With the French presidential elections only weeks away, it is becoming increasingly clear that the shootings committed in Toulouse by 23-year-old Mohammed Merah have dramatically boosted President Nicolas Sarkozy flagging campaign. Having long warned about the dangers of unrestricted immigration and the continuing threat of Islamic terrorism, Sarkozy has been able to present the deaths of eight innocent victims as a tragic illustration of the merits of his platform. By the same token, the “untested” Socialist challenger, Francois Hollande has been left looking increasingly un-statesmanlike in comparison with the image of dignified and professional efficiency that Sarkozy has been so careful to project. A poll published by LH2 on April 1 gave Francois Hollande a paper-thin 1% lead over Sarkozy, while surveys conducted by CSA and TNS-sofres only a few days before showed the President eking out a narrow, but statistically significant, advantage.
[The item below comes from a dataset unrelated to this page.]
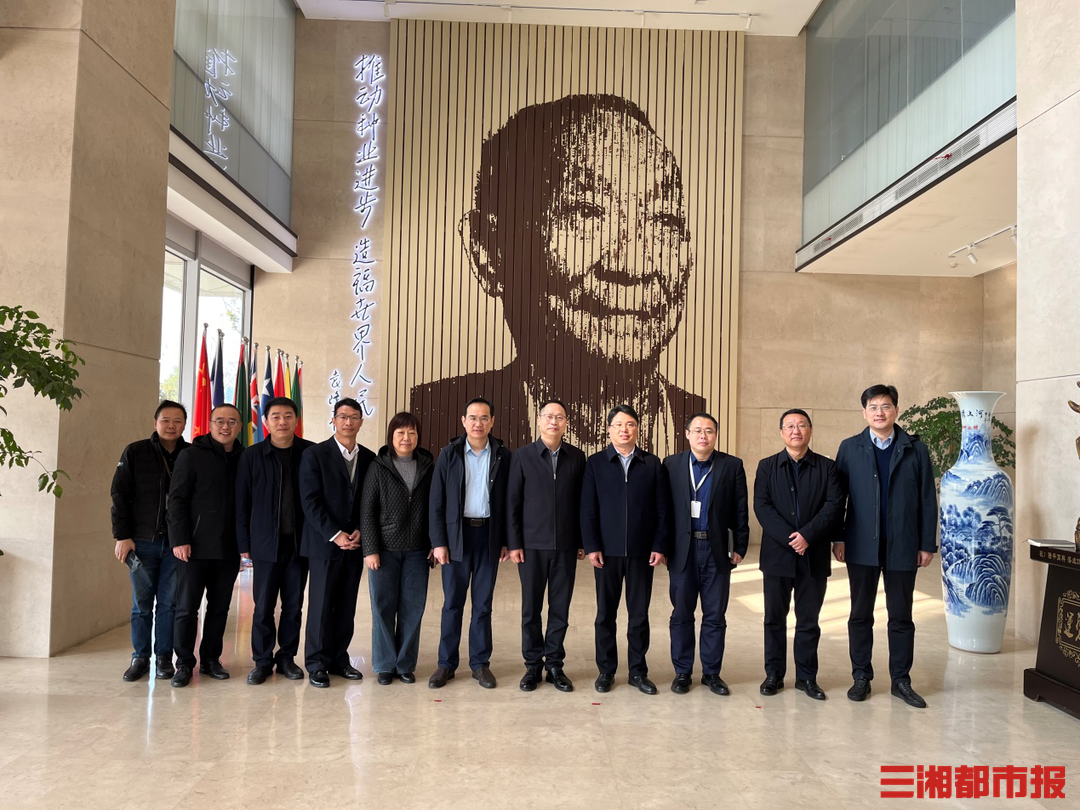 (参观隆平种业科学院展厅)袁定江代表隆平高科,简祖平院长代表江苏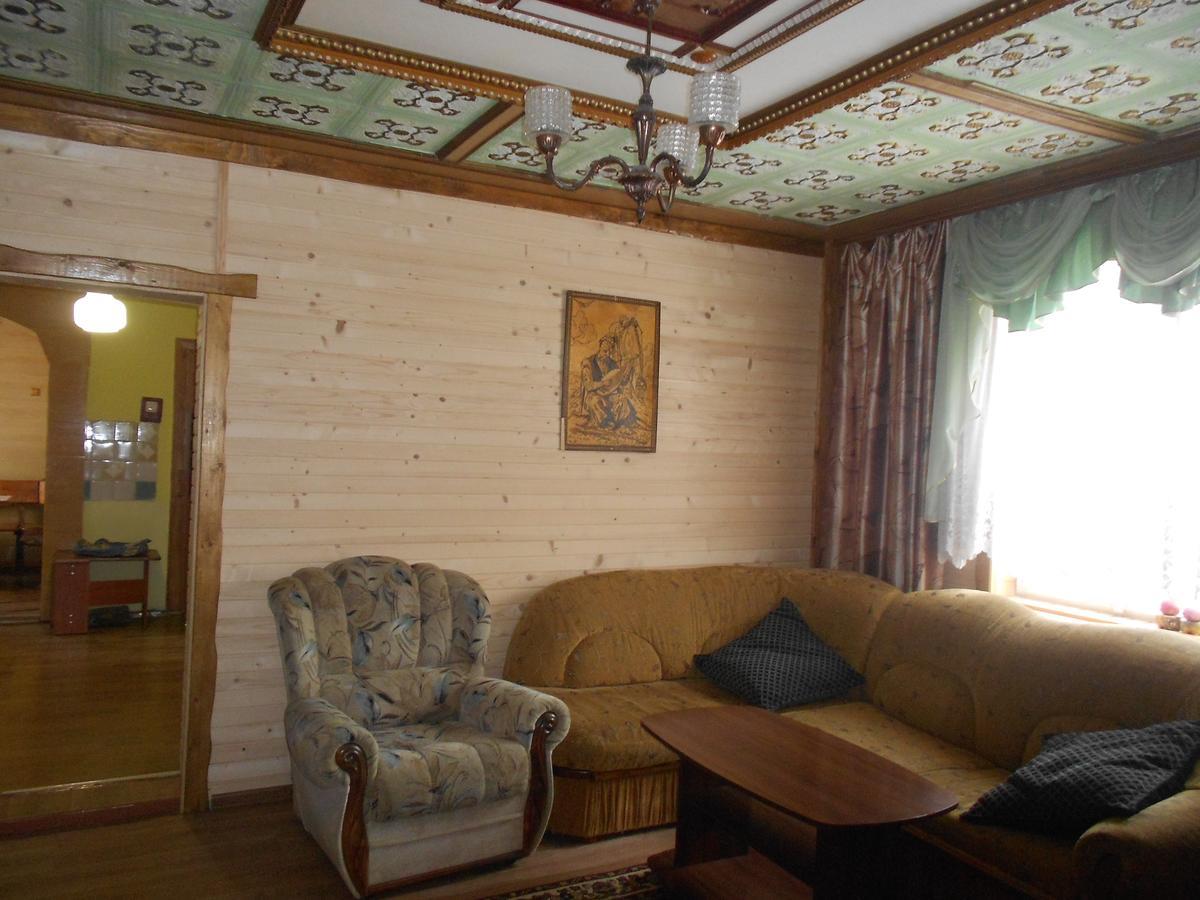 Sadyba Karpatskyi Vedmid Kossiv Extérieur photo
A victory – however small – in the first round of voting could give Sarkozy the momentum he needs to earn a second term in a run-off against Hollande.
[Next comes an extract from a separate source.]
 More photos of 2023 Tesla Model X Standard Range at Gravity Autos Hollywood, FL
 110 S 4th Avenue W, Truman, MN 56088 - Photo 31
As so often with tragic events, however, the political impact of the Toulouse shootings has not corresponded with the real implications of the tragic events of mid-March. Rather than being an endorsement of Sarkozy’s increasingly right-wing platform, the atrocities committed by Mohammed Merah are an indictment of his political programme and reveal deep-rooted social problems which Hollande’s campaign has sought most assiduously – if ineffectually – to address.
Despite Sarkozy’s rhetoric, Mohammed Merah’s attacks on March 11-19 actually have comparatively little to do either with immigration or with terrorism. This is, in a sense, paradoxical. His choice of victims, his purported links with al-Qaeda, and his claim to have sought “revenge on behalf of Palestinian children” all seem to point towards a personality lost to Islamic extremism and at war with France itself. Yet such evidence is deceptive. Although he is indeed of North African descent, Merah is a French citizen, and was born and raised in Toulouse. As French police have acknowledged, he had no contact with al-Qaeda, and despite travelling to Pakistan and Afghanistan in recent years, he seems to have had no links with Islamist networks. Instead, his undoubted extremism was the result of a more personal journey. As Francois Molins – the prosecutor acting against Merah – observed, his was a case of “atypical…self-radicalisation”.
But if Merah radicalised himself – apparently in isolation from the support networks which are so commonly associated with such atrocities – why did he do it? Why did this isolated, French-born young man turn to Islamic extremism with such violence and rage? The answer is in the question itself: he did it because he was isolated, atomised, and cut off.